Com Paulo Freire, o educador que evidenciou o tema da educação como libertação, no Brasil, compreendemos de modo mais palpável a proposta do livro VII da República. Platão interveio na sociedade de seu tempo com sua proposta filosófica educacional. De fato, a missão da educação libertadora é intervir na sociedade, como sugere Freire. Não há outro lugar para a educação mostrar sua face libertadora, que não a sociedade. Por essa necessidade de intervenção, como também Platão descreveu no Mito, o educador há de enfrentar muitas dificuldades, por isso deve estar imbuído de seu ideal a tal ponto, que enfrenta os adversários e as dificuldades do caminho. É criativo e parceiro dos educandos. Aprende e ensina, ensina e aprende. Constrói no conhecimento. Instiga à libertação ao libertar. Constrói o conhecimento, proporcionando que o próprio aprendiz interprete a informação e forme dentro si uma concepção própria. Platão acreditava que o conhecimento é um desprendimento da caverna cheia de aparências, para a construção da própria verdade, que de alguma forma era a verdade da Polis. Freire crê que é da educação bancária e condicionadora, aquela que leva o educando a acreditar em fantasias ou acomodar-se, desistindo de sua autonomia e amoldando-se aos ideais das partes opressoras da sociedade que deve se libertar o sistema educacional brasileiro. Romper com essa situação é trazer esperança, fomentar de novo utopia. Libertar pela educação é quebrar os grilhões do conformismo, da ignorância, da manipulação e só assim existirá a educação que liberta. Formar pessoas que vêem mais do que aquilo que se põe à sua frente, que cruzem a fronteira da fogueira da caverna, que saibam discernir entre uma situação e outra deve ser a proposta de toda séria educação.

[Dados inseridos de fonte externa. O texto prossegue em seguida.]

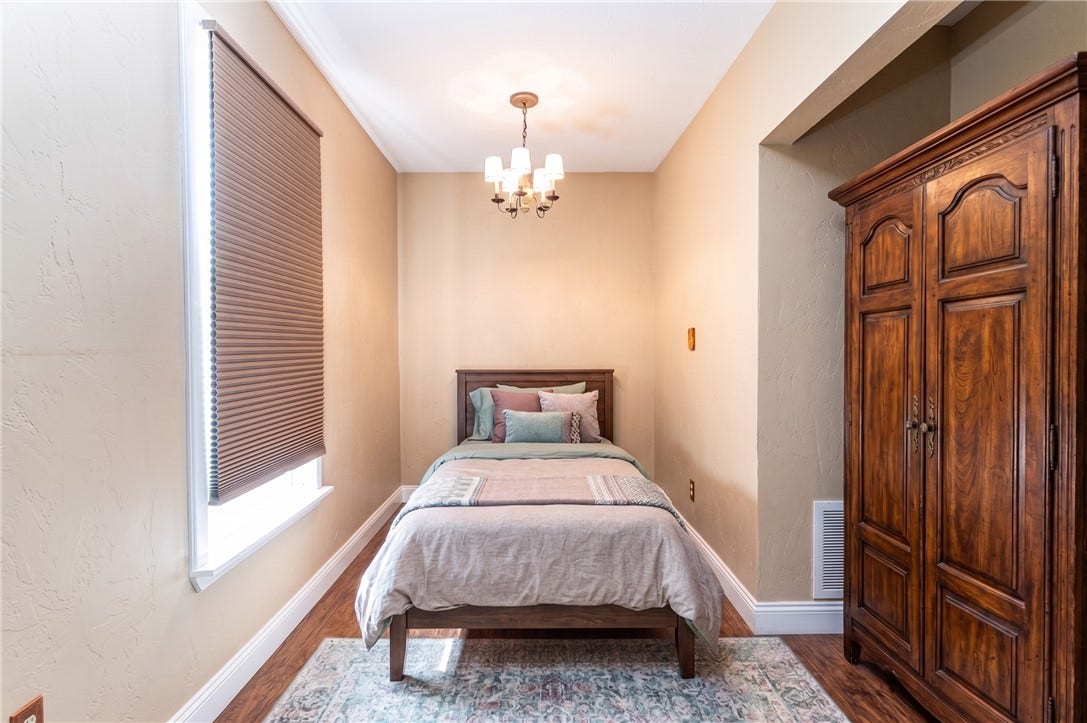 2ND BEDROOM STAGED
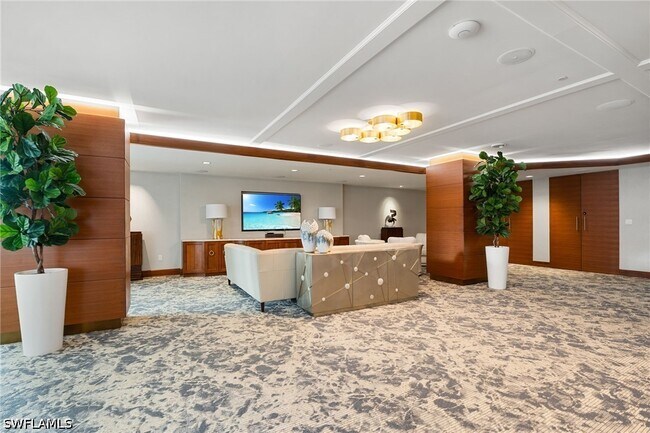 Building Photo - 4401 Gulf Shore Blvd N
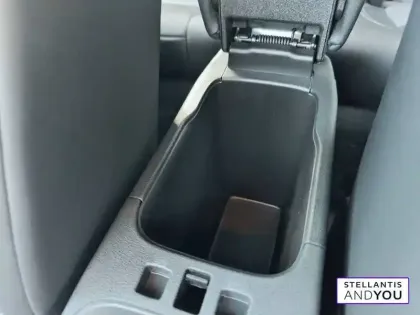 Photo 26 Jeep Avenger  1.2 Turbo T3 145 ch BVR6 4xe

            Não pretendemos, de forma alguma, esgotar o assunto sobre este tema, tão vasto, amplo e rico. A educação que liberta pode ser vista de várias formas, em muitos autores e numa vasta quantidade de obras. Quisemos trazer Platão e, em especial o Mito da Caverna apresentado no Livro VII da República, por nos parecer tão adequado ao momento presente e do qual tínhamos alguma segurança para discorrer. Provavelmente algum aspecto possa nos ter escapado, afinal Platão e o Mito da Caverna, associados à educação com viés de libertação tem um alcance, uma abrangência do qual não podemos ter ideia, justamente por estarem suscitando reflexões, a todo momento, em alguma parte do mundo. Porém, os que aqui apresentamos como reflexão, segundo o Mito da Caverna, pretende tornar clara essa visão de educação como libertação, e de que não é qualquer educação que liberta, mas somente aquela que possibilita o caminho à verdade, ao conhecimento das coisas como realmente são.

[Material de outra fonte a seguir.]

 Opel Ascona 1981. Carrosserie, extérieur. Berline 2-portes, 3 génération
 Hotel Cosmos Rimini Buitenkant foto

[1] “As palavras ‘Educação’ e ‘Educar’ provêm do latim ‘Educare’, palavra aparentada com ducere, ‘conduzir’, ‘levar’, e educere, ‘tirar de’, ‘retirar’, ‘criar’. Educare tem o sentido de ‘criar’, ‘alimentar’, ‘ter cuidado com’, ‘instruir’. Parece-me que o termo latino é uma tradução do grego, paideu/w, ‘instruir’, ‘educar’, ‘formar’, ‘ensinar’, ‘formar a inteligência, o coração e o espírito de’.” (FREIRE, 1941-1942, p.2029).
[2] Apresentação da edição da Editora Globo na coletânea Diálogos em 1964. PLATÃO. A República. Traduzido por Leonel Vallandro. Rio de Janeiro: 1964.